Todos conocemos de cerca o de lejos a
alguien que está preso. Si es un ser querido, un hermano, un hijo, un
padre o una madre, estaremos muy cerca de palpar hasta dónde llega el
significado de estar en una prisión. La medida de nuestro amor será
también la de nuestra empatía. Otras veces el preso que nos concierne es
una figura remota, que respetamos o tiene nuestra simpatía; o
simplemente nos proyectamos en lo que representa, en la misma
simplicidad de su vida de estudiante o ama de casa. Y así llegamos a
decirnos: “Yo podría estar allí”, sin saber muy bien dónde y cómo se
encuentra ese ser de quien apenas conocemos el apellido y, quizás, una
foto.
Esta piedad debemos extenderla al victimario, pues él también se encuentra preso, aunque sea en un infierno muy distinto.

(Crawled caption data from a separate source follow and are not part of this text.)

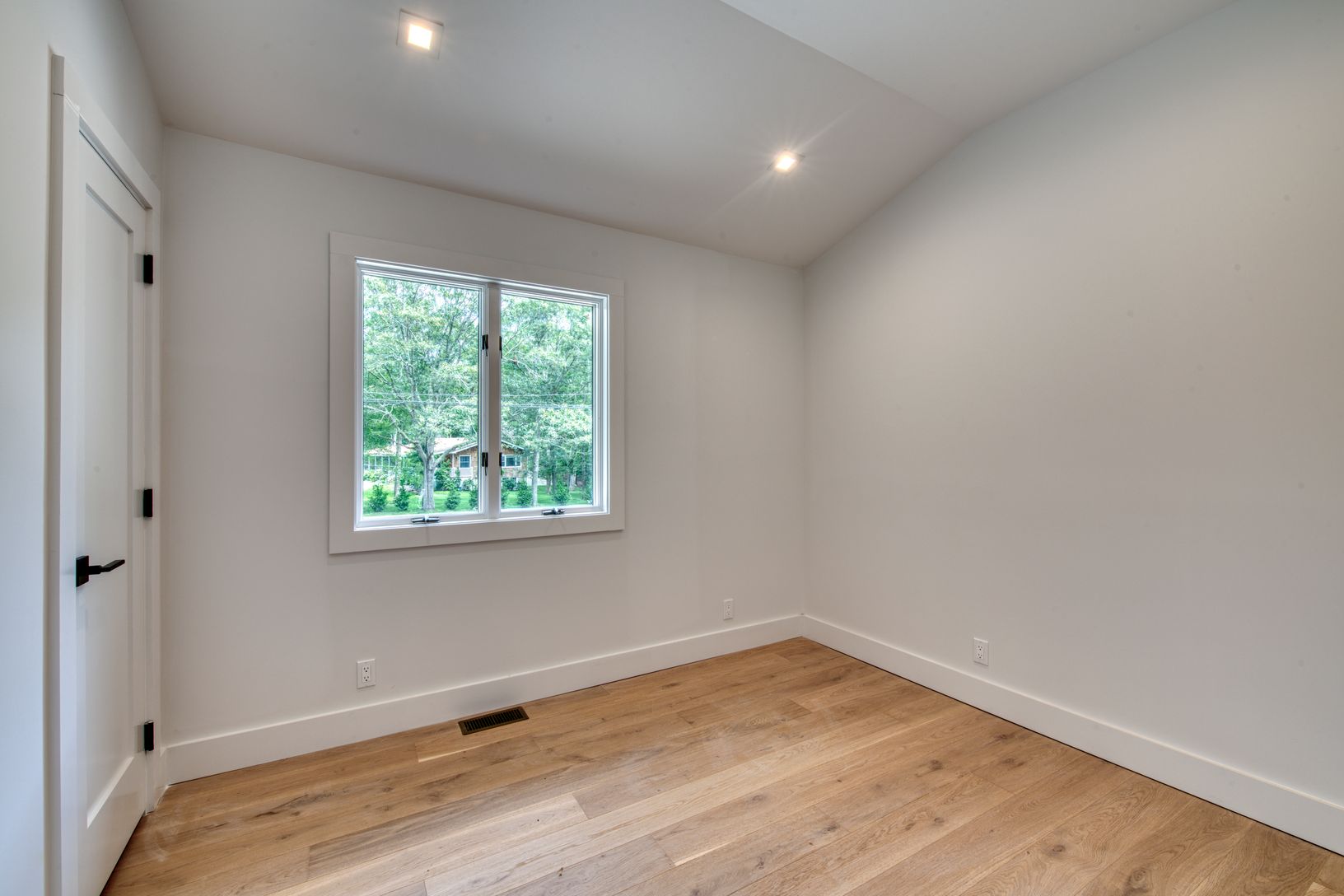  Guest Bedroom #1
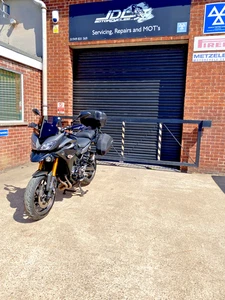 Yamaha MT-09 Tracer Full Luggage Low miles - Picture 1 of 12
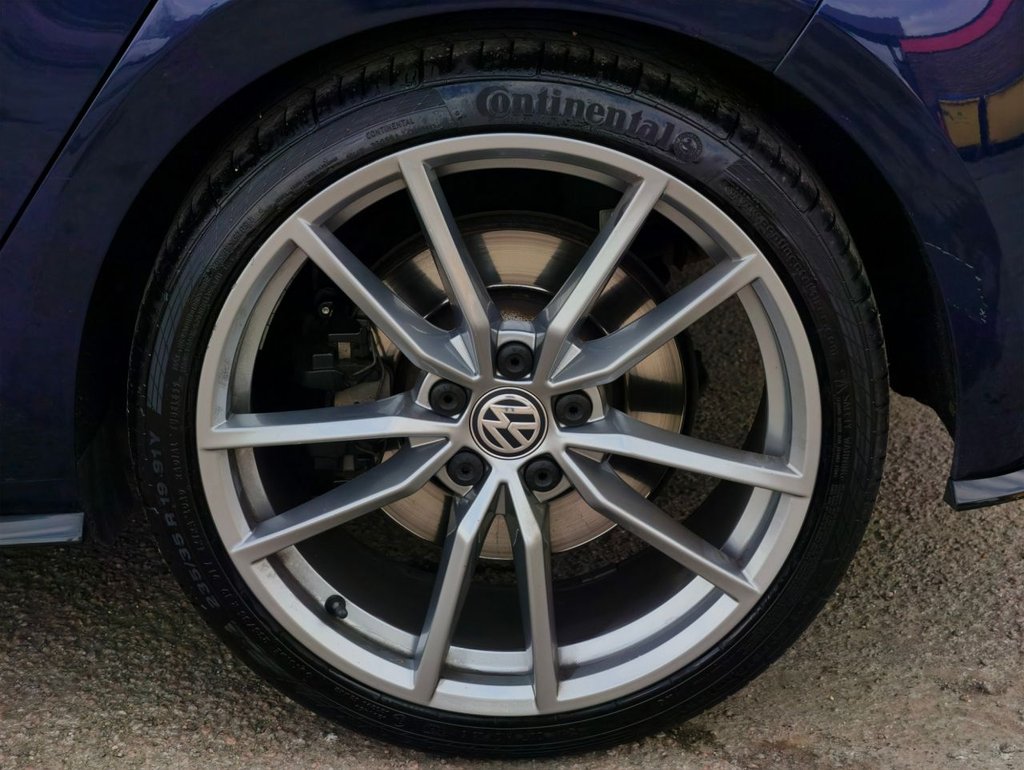 Used Volkswagen Golf 2019 for sale - 76632549: Photo 17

Lo comprendí cuando vi al presidente Maduro blandiendo una página de El Nacional
y asegurando que allí estaba la prueba de un golpe de Estado y de un
intento de magnicidio, pues su publicación era la señal para que los
conjurados iniciaran su plan de ataque. Si es verdad tal conjura, su
vida corría y corre peligro. Si es mentira, corre peligro su conciencia y
está construyendo febrilmente una prisión a su alrededor. Una prisión
de la cual será difícil salir, pues él mismo deberá mantenerla viva con
cadenas cada vez más extensas y pesadas.
Y las mentiras son insaciables cuando intentamos alimentarles una discreta y sostenida semejanza con la verdad.